Who needs statisticians when you have big data?

Depending on whether you are a half-full or a half-empty kind of person, the "big data" revolution is either a tremendous windfall for the career of a statistician, or the makings of a real existential crisis. As with most things, it’s probably a bit of both.

From a need to expand…

The field of statistics began as an inferential scientific approach arising largely from the historical aspiration to generalize observed phenomena in a small observed group to some larger group. This basically means statistics arose out of the need to carefully draw conclusions from incomplete, but representative data.

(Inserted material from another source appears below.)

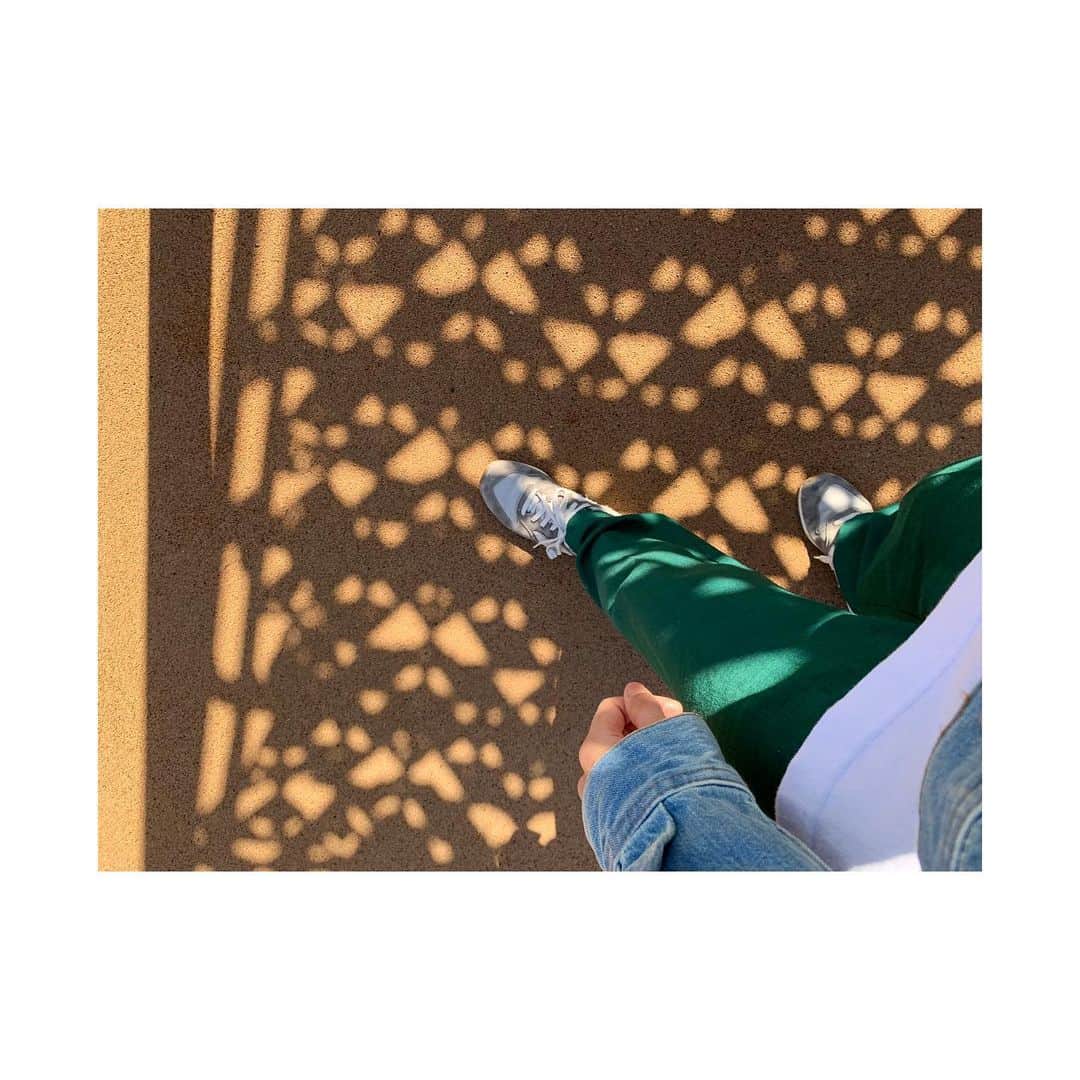 三倉茉奈さんのインスタグラム写真 - (三倉茉奈Instagram)「ぽかぽか。公園日和☺︎ 桜も咲き始めててお花見してる人もたくさん #sunday #sunnyday #cherryblossom」3月19日 12時08分 - mana_mikura_official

Three hundred years ago, the beginnings of the statistical approach was created to estimate the population of London during the plague, without counting every person (as this was impossible, not to mention a health risk, with the available resources of the time).

The concept of a representative sample was used and with it a very rigorous statistical methodology. Statistics consisted (and still does) of evaluating what the data actual says (eg: counts, averages, correlations, trends, regressions, etc), but at least as important was the strict analysis of whether the sample was representative of the greater population.

… to a need to interpret

At first glance, with the current capabilities to cost effectively store and explore ever growing amounts of data, the need to sample seems to have been buried for good. But does that mean that sampling and generalization considerations are passé in a big data world?

Let’s consider for a moment: is any dataset really complete? A tax authority can in theory complete analyses on all taxpayers, but do they have all relevant data on taxpayer assets, expenses, socio-economics, etc.? And can they compare to other regions or countries? An oil company can, in theory, do analysis on all sensors in an oil rig, but is that rig representative of all rigs? And don’t they need to enrich with weather data? Even music services like Spotify can evaluate all listeners’ behavior, but can they really predict individual preferences based solely on co-occurrences?

The only correct answer to any of these questions will always start with: "It depends."
And that’s exactly why statisticians and critically minded analysts still have a crucial role in big data analysis and the innovative organization. Statistics, or being statistically inclined, means having a critical mindset about what role numbers can play in describing the real world.

Your dataset is bigger than mine? So what?

Just because my data set is bigger than yours, it doesn’t mean I’ll get more information out of it: only the potential for learning is greater with bigger data and bigger analysis. It will still take analytically minded thinkers to draw the appropriate conclusions.

So, hold on to your critical edge, fellow statisticians. The potential of big data is truly awesome, but it’s up to us to make it work. And if we get paid for it, well that’s just a nice side effect of a job well done.